The adjudicator in this story is not the most popular bloke on the block. Immediately he was appointed to be the adjudicator he required the two parties to stump up a whopping size cheque to cover a guess about his eventual fee. Let me come back to that. Then the responding party said the adjudicator had no jurisdiction. The adjudicator then called for submissions about jurisdiction. In return he produced a beautifully crafted 41-page award, which was non-binding, mere observations about jurisdiction.
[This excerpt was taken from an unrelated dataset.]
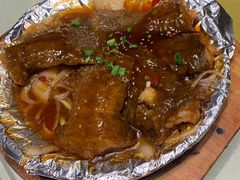 -凯鸽酒楼(大同振兴街店)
These observations had persuaded him that he had no jurisdiction. But he was also persuaded that because both sides had paid his invoice up front, then bingo he had now got authority to adjudicate. Also it meant that now there was a binding agreement by the parties to adjudicate. Hmmmm. He then said, let’s get on with it. The respondent would have none of it and said they were dropping out. In due course the adjudicator awarded the whole claim of about £200k to the referring party. At least someone was now smiling and so too the adjudicator because he has picked up his fees of £18,000.

The “successful” party wanted its £200k and the adjudicator’s fee to be paid by the other party. “Shan’t,” they said. The High Court was the next place to go. The case is called Clark Electrical vs JMD Developments (UK) Ltd. It was Clark that wanted the adjudication winnings. They got absolutely zero save for another bill for the costs of both parties coming to court on the attempt to enforce.

Merely agreeing to pay the adjudicator need not mean you are also submitting to an ad-hoc adjudication process

Now just about everyone was fed up – including about 60 very experienced RICS adjudicators. Not one of them approved the adjudicator’s idea of an “appointment fee” of £6,000 per side + VAT = £14,000. Nor his idea that even if the adjudication settles, the fee will be minimum 50%, come what may. We adjudicators do not approach adjudication appointments in that way. But I really do understand why this adjudicator does it. Getting paid after the match is over has become a pain. The loser has now lost his sense of humour; some get spiteful, “let’s make the swine wait”.

The winner then wants the loser to pay. There is another reason why this adjudicator is comfortable with money up front. He does a lot of work abroad. Across the seas it’s a norm to call for payments on account of work yet to be done. But we don’t do it here.

Now let’s look at this idea that having sent a cheque gave jurisdiction where no right otherwise arose under the contract to adjudicate. By the way, the work was not a construction contract because it was work on a building that is one of the exceptions under the Construction Act. Nor did the contract contain an ad-hoc adjudication clause. So the whole matter comes down to whether sending two lots of £7,200 somehow creates a right to adjudicate. The adjudicator said it did. He said he had sent his terms and the cheques were a contractual agreement under the rules of offer and acceptance. In short, is that what is known as the creation of an ad-hoc adjudication agreement?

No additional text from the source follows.